C-Kwik wrote:Thanks,
I skimmed through about 30% of it so far and this is hugely more complex than most other court opinions I've read through. This is gonna take a while.
This kind of sums it up thanks to The New York Times
"Mr. Romney Changes His Mind, Again
http://www.nytimes.com/2012/07/06/opini ... ml?_r=1&hp
Massachusetts residents who file a state tax return have to provide proof that they have health insurance. If they can afford insurance but don’t have it, they must “pay a penalty through their tax returns,” according to the state Department of Revenue’s Web site.
This is all thanks to former Gov. Mitt Romney, who set up the system — the best of its kind in the country — and is now trying to pretend he doesn’t remember how it works. On Monday, his campaign said Mr. Romney believed the identical requirement in President Obama’s health care law was a penalty, paid through the tax system. Two days later, Mr. Romney rushed to the cameras to contradict the campaign and insist the mandate was a tax.

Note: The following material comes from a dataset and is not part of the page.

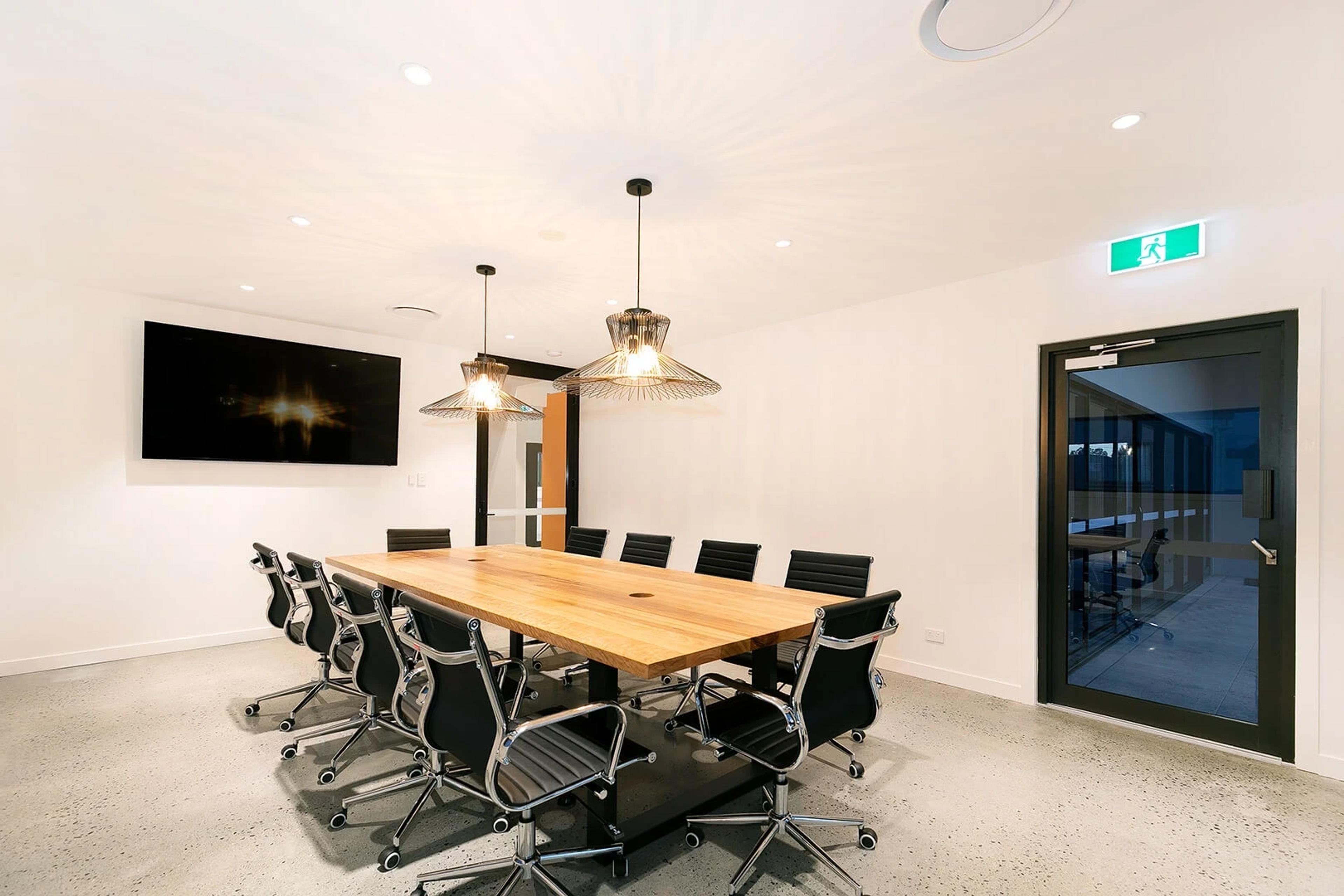 Boardroom with timber table, black chairs and wall screen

Why the switch? As he has on so many issues, Mr. Romney caved to Republican conservatives who want him to campaign on the falsehood that the mandate is a vast tax increase on the middle class. The Supreme Court’s decision that the law is constitutional was disastrous to their cause, so they distorted its basic reasoning. Chief Justice John Roberts Jr. wrote that the mandate is legal under the Congressional taxing power, which Republicans took a step further, saying the mandate must now be a tax. And not just a tax, but a huge, oppressive tax, one of the largest in history.

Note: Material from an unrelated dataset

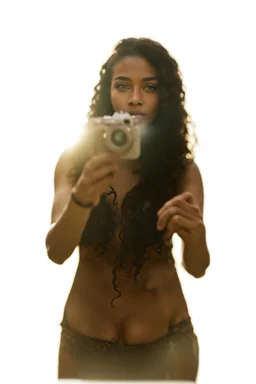 A realistic selfie-style self-portrait of a confident influencer aged 18-37 in an urban setting, dressed in trendy sportswear or beachwear to showcase her slender figure. Her creative curly black hair shines under softbox lighting accentuating her flawless skin. The vintage camera shot with a macro lens introduces a charming bokeh effect. Every detail, from her complexion to body contour, is outlined for a high-quality image –ar 4:5 –testp –upbeta –octane.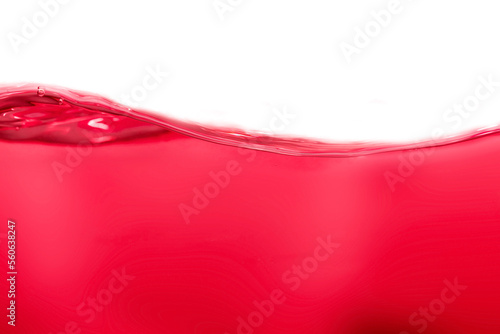 Drink clean red water in a glass and the bubbles look like splashes and waves.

It is, of course, no such thing. How many “oppressive taxes” are entirely optional? Anyone who does the smart thing and gets health insurance won’t have to pay it. It is, as Mr. Romney himself described it in 2006, a fee to promote “personal responsibility” and prevent healthy people from freeloading. (Among those who won’t be able to comply with the law are poor people living in states where Republican governors refuse to expand their Medicaid programs using federal dollars — though most of those people don’t make enough to have to pay the penalty.)
The tax-vs.-penalty debate is a legal and semantic issue that has no practical impact on the public, but making this argument says a great deal about Mr. Romney’s inch-deep position on health care. Since the beginning of his campaign, he has fled from his significant achievement in Massachusetts, hoping to attract conservatives who never trusted him.
His explanation has been that it is perfectly acceptable for a state to do something that would be economically ruinous for the federal government to try. He used the same rationale on Wednesday in explaining why the mandate was a pragmatic penalty in Massachusetts but an insidious tax in Washington.
He’d rather talk about this than admit he once had a good idea to cover people without insurance and that Mr. Obama was right to duplicate it. Now he has no plan except a promise to repeal a virtual carbon copy of his own program.
His hairsplitting argument over federalism obscures the real issue for most people: Is the health care system so broken that government must intervene to fix it so that tens of millions can get proper medical care?
Against all evidence, Mr. Romney and his party believe the private system will simply fix itself if government gets out of the way.
At least, that’s what he says he believes now."